It's just about time to untangle the story of "Hurrying",
my first successful work of art, painted in Mrs. Powell's
kindergarden class at age 5.

In keeping with what I have learned about memory retrieval, I am going to unpack the story slowly over a few days and from a few angles. I don't have much to say about the artistic aspects of what is clearly a child's painting, but the experience of making and showing this piece was eye opening. I have given the work considerable thought over the years; especially in light of my choice to be an artist. What stands out for me are the lessons I learned in understanding my self and my relationship to the things I make; although I still enjoy just looking at the piece and think, as an artwork, that it holds up well.

"Hurrying" (1968) was made with tempera paint on newsprint, using only the colors yellow and purple, and is approx. 30" X 22". It hangs on my parents bedroom wall in a thin yellow frame and white matte. It has appeared in two exhibitions, one in 1969 and the other in 2005; both venues were in my hometown.

8.6.2014


Some backstory to "Hurrying":

It's November 1968 and my family is spending Thanksgiving week at my grandparents's house in New Orleans; a highlight of the year for me. I loved New Orleans and all my family there.

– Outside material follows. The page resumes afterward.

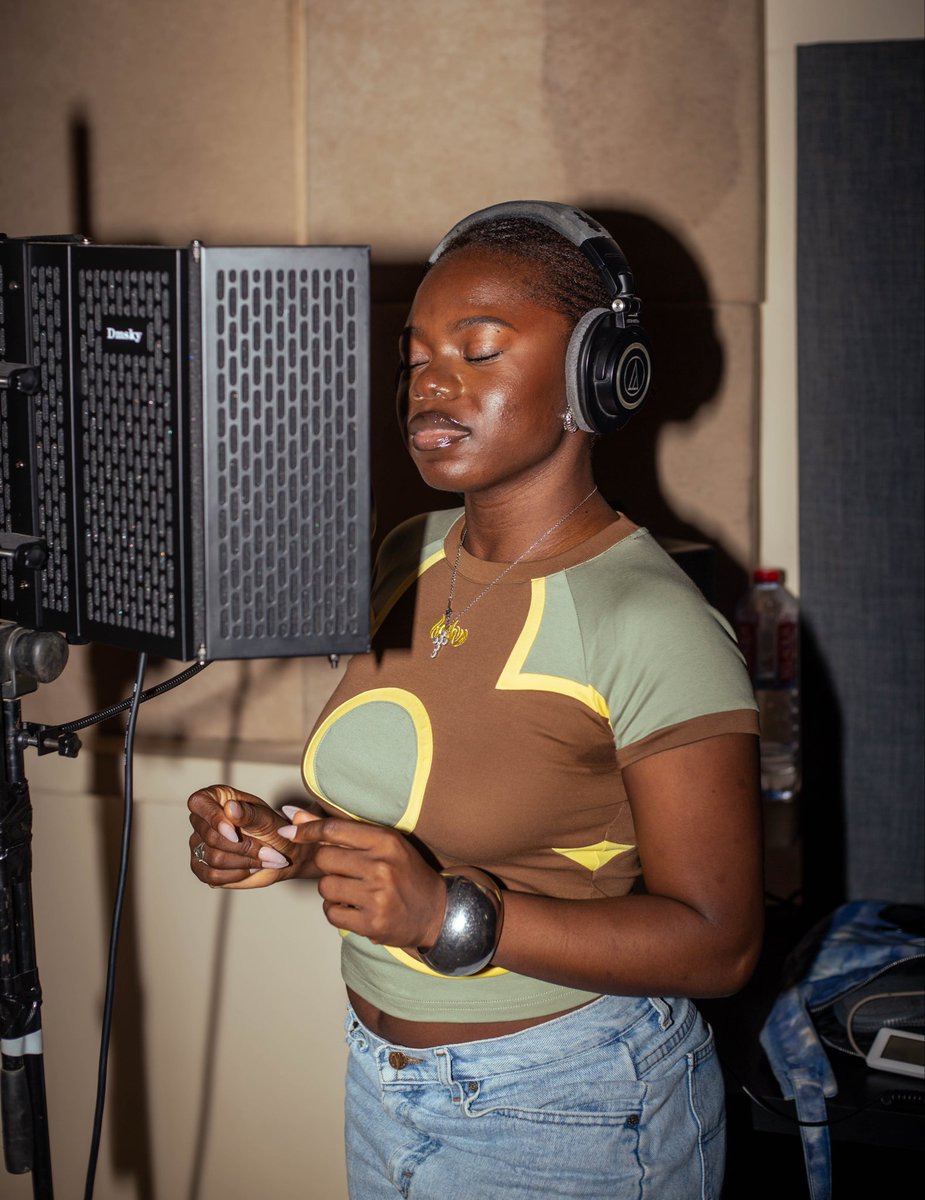 Creatizine Magazine tweet media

Thanksgiving dinner started when my cousins arrived. I remember a wonderful, warm light pervading the room. The peak of the evening for me happened early, during the time before dinner when we had hors d'oeuvres: little pickles, fancy crackers, and (later I found out) caviar - I was told I would not like the taste. : ) I remember we had chopped up egg and making a cracker with just the egg whites.

I felt sophisticated being in New Orleans, with plenty of good food, and my mother was at ease and with her family in the house where she grew up - she was home - and the cousins we had over were like brothers and sisters.

My family projected to me an intellectual and refined air - connoisseurs - real taste that comes from one's experience - and somehow this created an attractive energy.

Relevant to "Hurrying" are the picture books my cousins brought to share that were purchased on a trip to England. These particular books must have come from a museum. I remember that they were filled with black and white images, line drawings of complicated mazes in various irregular shapes, including castle shapes. Cool, thin black lines on white paper, interesting shapes, embedded illustrations, and the whole thing was a puzzle you could solve.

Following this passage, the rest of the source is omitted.